Review of the facility's policy titled: Triage of the Emergency Patient, received by the surveyor on 1/09/15, reveals there are no established guidelines and process for the triage nurse assessment and assignment of an acuity category, and there is no description of the acuity categories and actions to be taken.

A request for the facility's policy for treatment of traumatic injury was made on 01/21/15 to Staff #3, but this policy was not received by the surveyor.
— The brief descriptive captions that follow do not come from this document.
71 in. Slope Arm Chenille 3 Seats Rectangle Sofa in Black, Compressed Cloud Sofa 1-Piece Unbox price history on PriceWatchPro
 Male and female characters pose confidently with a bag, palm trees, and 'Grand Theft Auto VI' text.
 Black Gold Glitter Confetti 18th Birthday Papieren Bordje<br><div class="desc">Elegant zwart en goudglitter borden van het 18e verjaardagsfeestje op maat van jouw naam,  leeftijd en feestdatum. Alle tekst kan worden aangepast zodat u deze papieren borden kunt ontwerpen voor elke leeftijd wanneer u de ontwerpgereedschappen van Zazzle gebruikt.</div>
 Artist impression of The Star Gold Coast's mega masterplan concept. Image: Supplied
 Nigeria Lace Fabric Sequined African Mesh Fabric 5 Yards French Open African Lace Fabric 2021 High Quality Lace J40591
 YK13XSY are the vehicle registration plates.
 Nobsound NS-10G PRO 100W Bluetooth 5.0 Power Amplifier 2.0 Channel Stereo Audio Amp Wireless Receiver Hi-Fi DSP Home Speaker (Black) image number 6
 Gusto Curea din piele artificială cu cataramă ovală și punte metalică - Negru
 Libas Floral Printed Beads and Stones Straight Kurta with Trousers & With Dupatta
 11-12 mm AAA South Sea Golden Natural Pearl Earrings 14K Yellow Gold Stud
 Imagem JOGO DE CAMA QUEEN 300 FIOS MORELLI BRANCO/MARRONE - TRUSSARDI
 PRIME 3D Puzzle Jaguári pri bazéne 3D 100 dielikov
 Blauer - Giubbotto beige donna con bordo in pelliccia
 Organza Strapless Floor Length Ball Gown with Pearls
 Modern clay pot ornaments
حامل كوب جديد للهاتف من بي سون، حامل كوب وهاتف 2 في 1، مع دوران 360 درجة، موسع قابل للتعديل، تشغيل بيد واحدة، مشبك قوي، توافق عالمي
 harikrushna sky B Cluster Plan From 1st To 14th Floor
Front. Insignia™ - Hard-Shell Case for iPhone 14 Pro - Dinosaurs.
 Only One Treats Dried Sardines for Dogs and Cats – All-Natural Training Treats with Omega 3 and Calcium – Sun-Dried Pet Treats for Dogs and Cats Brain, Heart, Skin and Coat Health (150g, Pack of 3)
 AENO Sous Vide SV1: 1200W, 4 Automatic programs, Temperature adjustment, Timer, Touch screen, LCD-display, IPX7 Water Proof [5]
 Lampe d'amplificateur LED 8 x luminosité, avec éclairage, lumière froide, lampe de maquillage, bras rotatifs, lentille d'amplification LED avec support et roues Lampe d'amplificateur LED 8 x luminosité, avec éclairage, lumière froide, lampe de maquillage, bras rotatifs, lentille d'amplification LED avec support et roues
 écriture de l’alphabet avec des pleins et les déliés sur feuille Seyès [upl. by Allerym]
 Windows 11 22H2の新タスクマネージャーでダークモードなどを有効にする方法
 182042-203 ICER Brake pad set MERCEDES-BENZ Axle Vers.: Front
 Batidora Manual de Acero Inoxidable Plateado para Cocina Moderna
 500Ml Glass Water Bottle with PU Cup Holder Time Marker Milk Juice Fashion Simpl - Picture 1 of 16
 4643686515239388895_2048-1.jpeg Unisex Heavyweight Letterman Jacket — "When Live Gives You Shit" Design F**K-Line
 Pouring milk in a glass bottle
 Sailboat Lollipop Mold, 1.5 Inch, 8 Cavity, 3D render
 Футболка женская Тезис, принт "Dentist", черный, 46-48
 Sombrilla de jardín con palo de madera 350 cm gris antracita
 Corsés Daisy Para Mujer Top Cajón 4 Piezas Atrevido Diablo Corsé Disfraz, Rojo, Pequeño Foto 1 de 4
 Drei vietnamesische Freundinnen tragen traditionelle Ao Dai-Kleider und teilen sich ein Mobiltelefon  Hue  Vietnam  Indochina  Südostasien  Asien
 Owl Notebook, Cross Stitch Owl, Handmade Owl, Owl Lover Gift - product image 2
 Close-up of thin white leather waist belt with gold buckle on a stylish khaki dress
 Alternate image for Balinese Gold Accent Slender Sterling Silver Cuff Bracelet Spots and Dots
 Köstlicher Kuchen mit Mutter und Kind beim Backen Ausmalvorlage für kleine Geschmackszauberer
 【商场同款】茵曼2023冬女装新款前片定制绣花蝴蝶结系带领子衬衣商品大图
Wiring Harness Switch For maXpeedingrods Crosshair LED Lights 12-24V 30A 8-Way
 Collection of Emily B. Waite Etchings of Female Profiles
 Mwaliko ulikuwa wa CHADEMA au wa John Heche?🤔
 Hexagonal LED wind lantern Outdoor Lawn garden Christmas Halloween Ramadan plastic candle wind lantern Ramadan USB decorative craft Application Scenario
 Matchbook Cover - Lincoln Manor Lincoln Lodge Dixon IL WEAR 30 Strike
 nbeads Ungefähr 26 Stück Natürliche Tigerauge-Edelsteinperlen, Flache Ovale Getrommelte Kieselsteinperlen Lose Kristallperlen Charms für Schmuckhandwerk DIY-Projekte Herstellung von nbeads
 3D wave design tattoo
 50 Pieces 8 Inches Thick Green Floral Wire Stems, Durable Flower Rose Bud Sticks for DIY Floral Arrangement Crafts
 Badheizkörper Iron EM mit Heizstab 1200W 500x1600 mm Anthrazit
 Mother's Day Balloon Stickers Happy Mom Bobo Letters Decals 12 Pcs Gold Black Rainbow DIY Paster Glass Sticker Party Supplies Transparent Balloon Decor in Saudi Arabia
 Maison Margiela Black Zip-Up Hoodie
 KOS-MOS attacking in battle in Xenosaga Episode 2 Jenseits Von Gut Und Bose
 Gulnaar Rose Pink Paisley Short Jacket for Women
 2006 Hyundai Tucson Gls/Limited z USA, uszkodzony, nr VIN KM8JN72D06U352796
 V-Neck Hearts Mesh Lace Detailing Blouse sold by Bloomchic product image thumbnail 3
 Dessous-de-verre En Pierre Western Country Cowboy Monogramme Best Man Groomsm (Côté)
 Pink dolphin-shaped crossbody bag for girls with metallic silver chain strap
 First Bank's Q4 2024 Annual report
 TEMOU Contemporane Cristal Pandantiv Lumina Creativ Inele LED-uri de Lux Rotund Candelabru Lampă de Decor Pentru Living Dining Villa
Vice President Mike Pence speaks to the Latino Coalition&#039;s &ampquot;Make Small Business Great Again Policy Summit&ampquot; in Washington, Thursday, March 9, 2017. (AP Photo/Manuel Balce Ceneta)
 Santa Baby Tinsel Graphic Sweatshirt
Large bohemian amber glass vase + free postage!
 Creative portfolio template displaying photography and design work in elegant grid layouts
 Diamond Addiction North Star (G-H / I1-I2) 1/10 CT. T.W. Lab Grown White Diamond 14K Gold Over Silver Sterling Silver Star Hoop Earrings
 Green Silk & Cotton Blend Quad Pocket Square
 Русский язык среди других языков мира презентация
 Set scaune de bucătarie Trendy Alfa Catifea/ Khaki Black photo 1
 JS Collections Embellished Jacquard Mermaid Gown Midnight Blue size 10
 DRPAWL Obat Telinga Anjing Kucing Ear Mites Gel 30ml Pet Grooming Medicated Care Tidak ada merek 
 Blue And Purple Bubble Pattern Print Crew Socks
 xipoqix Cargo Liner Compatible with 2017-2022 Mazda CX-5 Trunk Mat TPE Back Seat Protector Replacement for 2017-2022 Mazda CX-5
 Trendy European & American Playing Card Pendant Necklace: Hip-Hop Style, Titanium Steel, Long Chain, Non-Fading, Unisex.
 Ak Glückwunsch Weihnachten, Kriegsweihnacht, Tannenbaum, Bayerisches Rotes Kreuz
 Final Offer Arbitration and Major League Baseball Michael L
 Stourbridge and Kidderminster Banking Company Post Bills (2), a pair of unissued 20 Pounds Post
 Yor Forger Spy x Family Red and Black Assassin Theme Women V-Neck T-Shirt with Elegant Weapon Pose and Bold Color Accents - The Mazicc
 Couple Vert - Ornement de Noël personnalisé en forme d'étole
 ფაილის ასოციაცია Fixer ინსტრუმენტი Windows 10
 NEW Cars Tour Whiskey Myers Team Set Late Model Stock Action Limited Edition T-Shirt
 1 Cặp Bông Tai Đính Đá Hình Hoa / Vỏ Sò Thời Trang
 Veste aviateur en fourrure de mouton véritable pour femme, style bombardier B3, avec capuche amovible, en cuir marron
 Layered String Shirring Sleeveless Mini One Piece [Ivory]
Review of the medical record from facility #2, was conducted on 1/22/15 and revealed:

On November 28, 2014, at approximately 14:58 (2:58 PM), the patient arrived at facility #2 with a Chief Complaint of Right Pinky Injury, was triaged to a Level 3 at 15:01 (3:01 PM) and was taken for Pediatric Assessment. The ED Pediatric Pre-Assessment by the RN, states: "Right 5th Finger Injury; as per patient's father, patient's brother slammed wood door on patient's Right 5th finger, cutting tip off around 12:45 PM today: bleeding controlled." Comprehensive Pain Assessment: Occasional grimace or frown, lying quietly, moans or whimpers, reassured by occasional touching, hugging/distractible; Pain Score: 3. Vital Signs: Temperature 37.6 degrees Celsius (C), Heart Rate 101, Respiratory Rate 18, Blood Pressure 136/73, Weight 15.6 kilograms (kg).

At approximately 15:28 (3:28 PM), the Medical Screening Exam was initiated and the patient received evaluation and treatment to include: X-ray Finger 5th Digit and Ortho ED Consult.
ED diagnosis indicated: Fingertip Amputation; Presented 5 hours (hrs) sp (status post) tip/nail avulsion. "Father states brought initially to NYH Queens, waited for some time, but wasn't seen so left and came here." Father has tip. Distal tip 5 hrs dry on gauze attached to nail.
Medical care included: Tip immediately cleaned of gross debris and after irrigation was placed in Normal Saline (NS). Fingertip re-attachment done by hand team - may not attach permanently - father informed.
Discharge: From (facility #2) ED at 19:44 (7:44 PM) on November 28, 2014.